Don’t bet on Rox; let it ride on the Broncos
Bits ‘n’ pieces ...
■ I recently took to the road in search of the Holy Grail, or easy money, whichever came first.
I found neither.
Unearthed, however, was maybe the most optimistic bet any one person could make: The Colorado Rockies apparently still have a chance to win the World Series — meaning they have not yet been mathematically eliminated from playoff contention.
Got a spare $10? Spare $100?
Fly, drive, hitchhike or peddle as fast as you can to Mesquite, Nev., and get your bet down. The Rockies will earn you a quick $355 for every buck you bet.
That’s right. If Troy Tulowitzki can just get healthy, Carlos Gonzalez goes off as he can, Todd Helton resurrects his career one last time, Christian Friedrich finds the strike zone a bit more often, Drew Pomeranz becomes a bit more consistent — and if all the stars align just the way they are supposed to — the Rox, almost 13 games below .500, still have a chance to win it all.
I actually asked one of the fellas behind the counter at the Casa Blanca sports book in Mesquite if he knew of anyone making such a bet, and he responded with a rather incredulous look, followed by, “Are you kidding me? No one would be that stupid.”
Not even Yours Truly.
Instead, I took my hard-earned money and bet it on the Rockies to beat the Arizona Diamondbacks on the night Jonathan Sanchez made his Rockies debut, thinking the struggling lefty just acquired for Jeremy Guthrie would appreciate the change of scenery and a return to the National League from the much-tougher American League where he had toiled with the Kansas City Royals.
Easy come, easy go.
■ Continuing our betting theme, what a difference a quarterback can make ... at least in the eye of the betting public. The Denver Broncos, of course, acquired one Peyton Manning in the offseason and have gone from roughly 50–1 to win the NFL’s Super Bowl prior to the start of last season to the current 12–1 to 14–1 to win it all. And that is with the second-toughest schedule in the upcoming season, according to opposition won-loss records.
The Broncos rank as the sixth or seventh most-popular Super Bowl pick, according to popular bookmakers like MGM, LeRoys, BetVega.com and Bovada. They rate ahead of the defending champion New York Giants and perennial toughies like Baltimore and Pittsburgh.
The top pick with most is Green Bay, with the Pack somewhere around 5–1 or 6–1. New England is second choice at about 8–1, with the 49ers and Dallas running at 10–1.
You can get a little more bang for your Bronco buck now in Mesquite at the Virgin River or Casa Blanca at 14–1.
■ One of the big betting surprises I encountered in looking at futures proposition bets was on Tad Boyle’s University of Colorado basketball team — an up-and-comer to be sure.

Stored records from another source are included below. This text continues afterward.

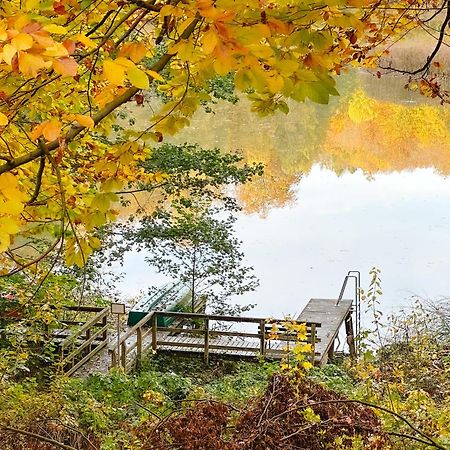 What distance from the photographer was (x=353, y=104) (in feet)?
77.5

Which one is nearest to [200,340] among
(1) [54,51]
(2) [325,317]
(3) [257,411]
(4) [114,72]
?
(2) [325,317]

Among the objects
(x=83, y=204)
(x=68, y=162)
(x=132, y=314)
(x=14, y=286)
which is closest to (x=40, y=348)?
(x=14, y=286)

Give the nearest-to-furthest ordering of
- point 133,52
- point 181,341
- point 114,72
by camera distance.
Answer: point 114,72 < point 133,52 < point 181,341

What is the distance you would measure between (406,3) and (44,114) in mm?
2038

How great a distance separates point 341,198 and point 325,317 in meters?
7.43

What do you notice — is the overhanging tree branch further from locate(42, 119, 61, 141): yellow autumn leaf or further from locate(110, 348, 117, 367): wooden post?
locate(110, 348, 117, 367): wooden post

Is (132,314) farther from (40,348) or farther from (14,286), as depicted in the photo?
(14,286)

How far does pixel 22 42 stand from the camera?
0.88 meters

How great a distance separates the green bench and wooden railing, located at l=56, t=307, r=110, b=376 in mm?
976

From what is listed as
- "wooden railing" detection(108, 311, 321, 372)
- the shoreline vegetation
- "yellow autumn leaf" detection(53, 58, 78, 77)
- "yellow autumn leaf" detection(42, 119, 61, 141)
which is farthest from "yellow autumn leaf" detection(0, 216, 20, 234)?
"wooden railing" detection(108, 311, 321, 372)

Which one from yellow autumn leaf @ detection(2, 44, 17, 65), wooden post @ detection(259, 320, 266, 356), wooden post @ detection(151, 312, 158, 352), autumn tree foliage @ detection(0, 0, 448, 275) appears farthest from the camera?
wooden post @ detection(151, 312, 158, 352)

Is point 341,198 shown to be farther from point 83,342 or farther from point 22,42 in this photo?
point 22,42

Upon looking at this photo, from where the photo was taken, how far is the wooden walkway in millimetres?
8375

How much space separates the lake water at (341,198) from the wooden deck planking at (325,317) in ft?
2.68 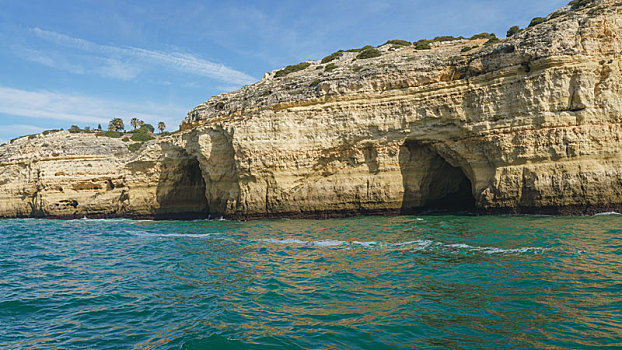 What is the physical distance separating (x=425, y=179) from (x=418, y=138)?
2837 millimetres

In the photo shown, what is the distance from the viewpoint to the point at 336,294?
7789 mm

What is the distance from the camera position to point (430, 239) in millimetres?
13523

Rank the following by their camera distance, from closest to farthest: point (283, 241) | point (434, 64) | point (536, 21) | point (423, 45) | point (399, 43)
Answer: point (283, 241) < point (434, 64) < point (536, 21) < point (423, 45) < point (399, 43)

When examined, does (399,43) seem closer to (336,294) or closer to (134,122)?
(336,294)

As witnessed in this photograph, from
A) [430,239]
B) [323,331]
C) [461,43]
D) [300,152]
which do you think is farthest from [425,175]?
[323,331]

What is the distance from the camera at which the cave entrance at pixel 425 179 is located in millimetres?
24047

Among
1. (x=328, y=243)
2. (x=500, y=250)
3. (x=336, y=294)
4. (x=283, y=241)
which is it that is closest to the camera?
(x=336, y=294)

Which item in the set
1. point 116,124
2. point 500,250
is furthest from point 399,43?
point 116,124

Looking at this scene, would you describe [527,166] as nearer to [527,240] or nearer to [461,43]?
[527,240]

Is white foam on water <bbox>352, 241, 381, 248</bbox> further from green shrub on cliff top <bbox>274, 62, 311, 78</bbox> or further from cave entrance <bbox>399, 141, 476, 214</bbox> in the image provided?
green shrub on cliff top <bbox>274, 62, 311, 78</bbox>

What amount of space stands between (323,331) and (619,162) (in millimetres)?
18984

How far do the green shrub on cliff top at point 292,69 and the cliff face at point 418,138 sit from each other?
33.4 inches

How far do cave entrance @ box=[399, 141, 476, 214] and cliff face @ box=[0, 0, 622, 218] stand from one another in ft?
0.27

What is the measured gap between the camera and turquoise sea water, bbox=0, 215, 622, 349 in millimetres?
5680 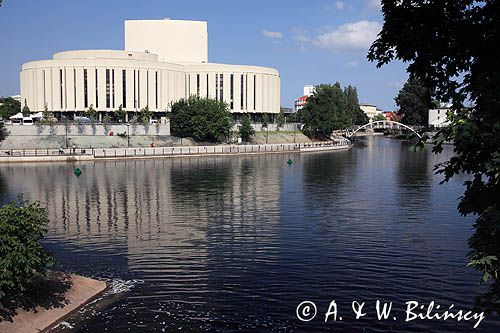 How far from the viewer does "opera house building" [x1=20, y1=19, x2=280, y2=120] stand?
152 m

Boyle’s Buffs stunned everyone last season by winning the Pac-12 conference tournament to earn a rare NCAA tournament berth, where they advanced to the third round. The Buffs were at 55–1 to win the NCAA title next year at the Casa Blanca, and in very heady company with the likes of Alabama, Georgetown and even Gonzaga.
Respect, it seems, is starting to rear its head in Boulder.
Not so much so for the Buffs’ football team, however, which has been picked by Pac-12 sportswriters to finish last in the conference.
■ From the Incredible But True Department comes this story from Ken Gregory, retired Central High School teaching legend who spent much of the past decade in Mesquite, working as a course marshal on one of the Nevada city’s fine golf courses.
Gregory tells the sad tale of Bill McClure, a worker at the course who was driving his golf cart up over a rain-soaked hill. It seems the cart skidded, and McClure, thinking he may crash, stuck a foot out onto the ground preparing to jump.
The foot got tangled with a wheel, and McClure crashed just off the cart path near the bottom of the hill, his ankle broken so badly the two major bones were snapped, with one of those bones sticking out of the leg.
Another course worker came upon the scene and was attempting to help McClure when two golf carts skirted past the accident scene rapidly, with the rider in the last cart screaming, “Oh, how gross,” on the way to the next tee box, where the foursome casually teed off and continued on its merry way.
Here’s hoping every member of that foursome that passed so callously never hits another ball square, never makes another four-foot putt, nor wins another bet.
Come on karma!
Rick Jussel is a former Daily Sentinel sports editor (think Dark Ages) and journalism teacher at Grand Junction High School, who belongs in the Armchair Quarterback Hall of Fame, if only there was one.